新型コロナウイルスのインド発「デルタ変異株」の感染が拡大する中、米国がワクチン接種率を上げるために速度戦に入った。米国では、ワクチン接種率によって感染拡大の傾向が変わる「2つの米国」現象が現れている。
バイデン米大統領(写真)は6日、ホワイトハウスでの声明で、「ワクチンを打つことが自分と家族を守ることになる」とし、「私たちは戦い、進展もあったが、今に満足することはできない」とし、ワクチン接種を呼び掛けた。
また、バイデン氏は新たなワクチン供給計画を公開した。接種会場に来る人だけにワクチンを打つ従来の方式ではなく、未接種者を戸別訪問してワクチンを接種する積極的な方式に変える。これまでは、大規模な接種センターを設置して、訪れる人にワクチンを接種したとすると、これからは数万ヵ所にのぼる町の薬局や病院、小児科など生活・住居空間に近いところにワクチンを供給し、接種率を高めるということだ。医療スタッフが戸別訪問で接種したり、職場などでもワクチンを接種できるようにする計画だ。

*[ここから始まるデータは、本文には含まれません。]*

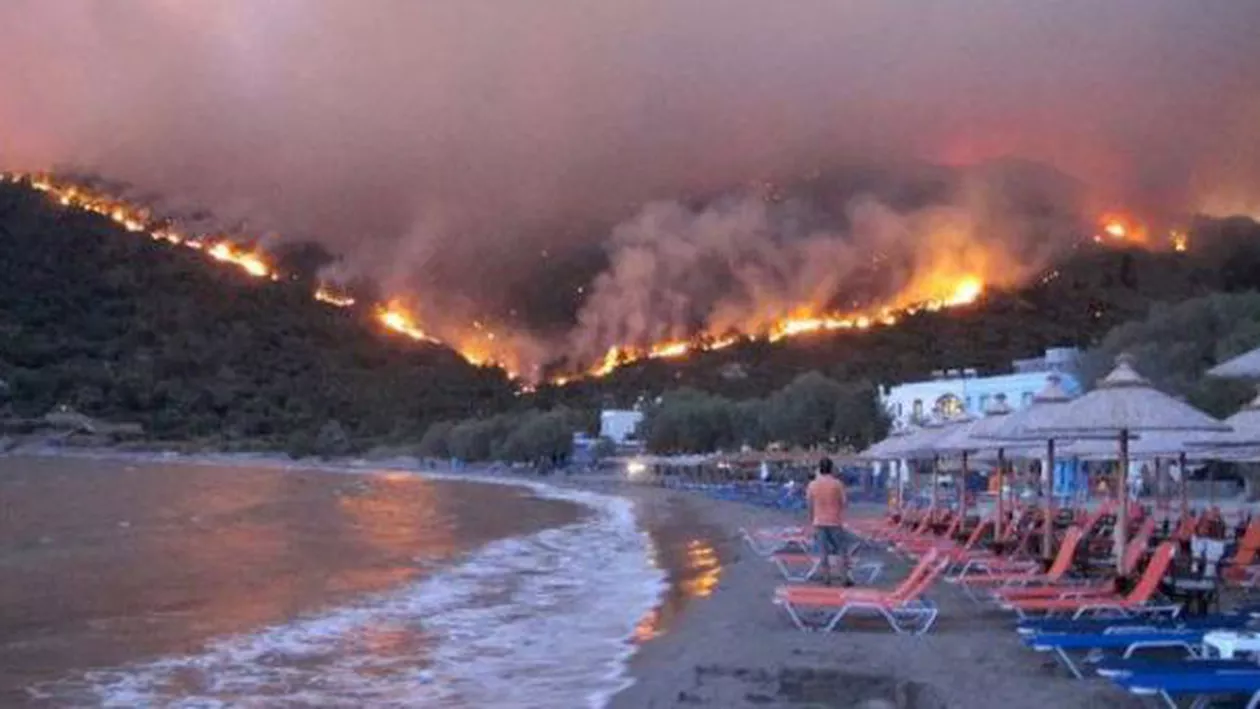STARE DE URGENȚĂ: Incendii pe insula Zakynthos din Grecia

米国は、連邦緊急事態管理局(FEMA)、米疾病対策センター(CDC)など連邦機関の専門家で構成された「新型コロナウイルス対策チーム」を構成し、接種率が低い州のデルタ変異株拡散への対応を支援する計画だ。
バイデン政権のこのような方針は長く減少傾向を続けていた米国の感染者数が再び増加傾向にあるためだ。米国は、独立記念日の7月4日までに全成人の7割以上に少なくとも1回のワクチンを接種するという目標を達成できず、感染拡大の不安が大きくなっている。

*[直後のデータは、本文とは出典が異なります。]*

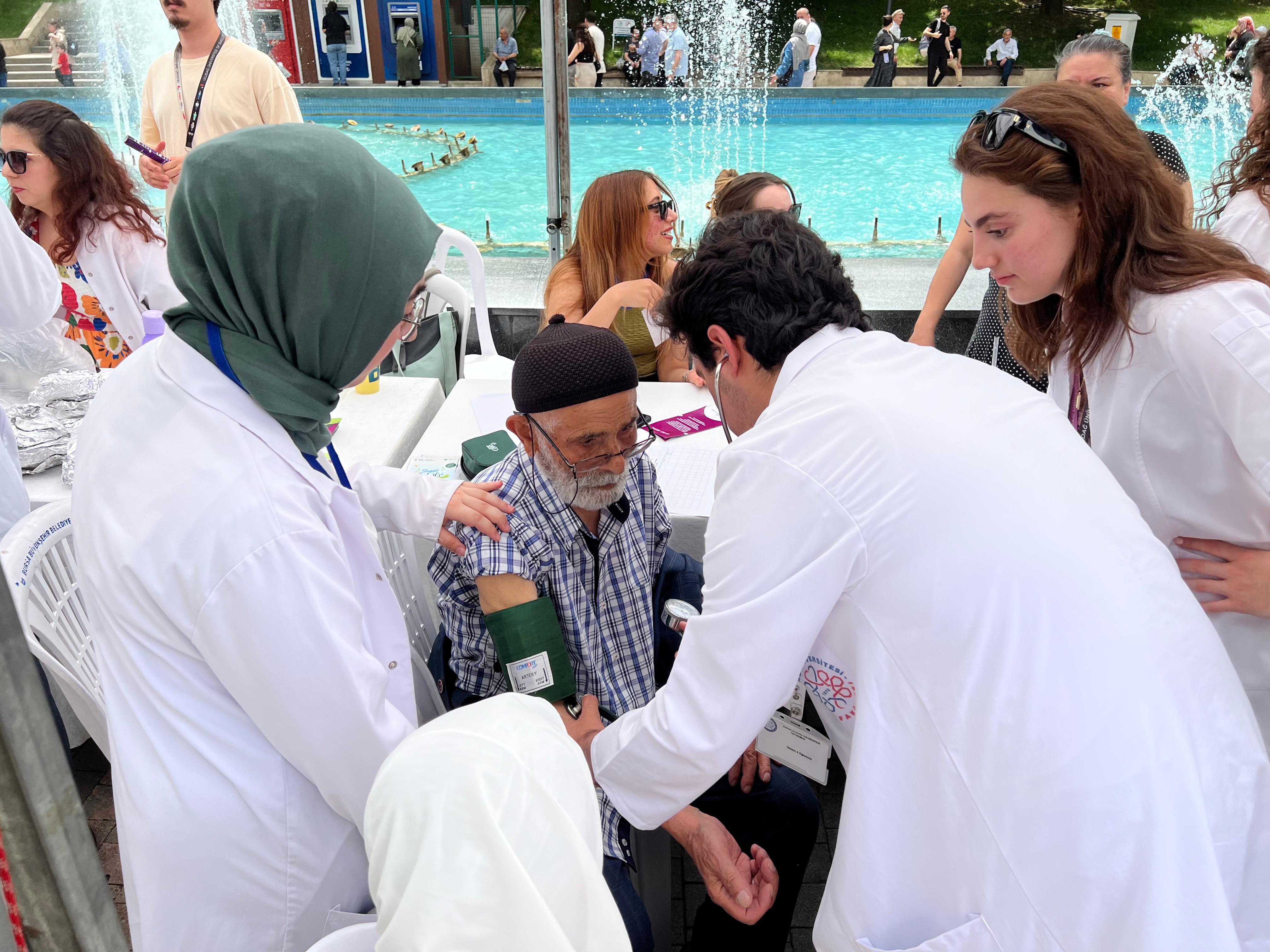 ‘Sağlık Sokağı’nda vatandaşa ücretsiz sağlık hizmeti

米国では、ワクチン接種率が低い地域を中心に感染者が急速に増加している。先の大統領選でトランプ前大統領を支持した南部と中西部州の接種率が低く、感染者が増加している。米紙ニューヨーク・タイムズによると、サウスカロライナ州は現在、接種完了の割合が39%にすぎず、この2週間で感染者が145%急増した。34%が接種を完了したアーカンソー州は、同期間の感染者が121%増えた。ミズーリ、ミシシッピ、カンザス州なども同様の状況だ。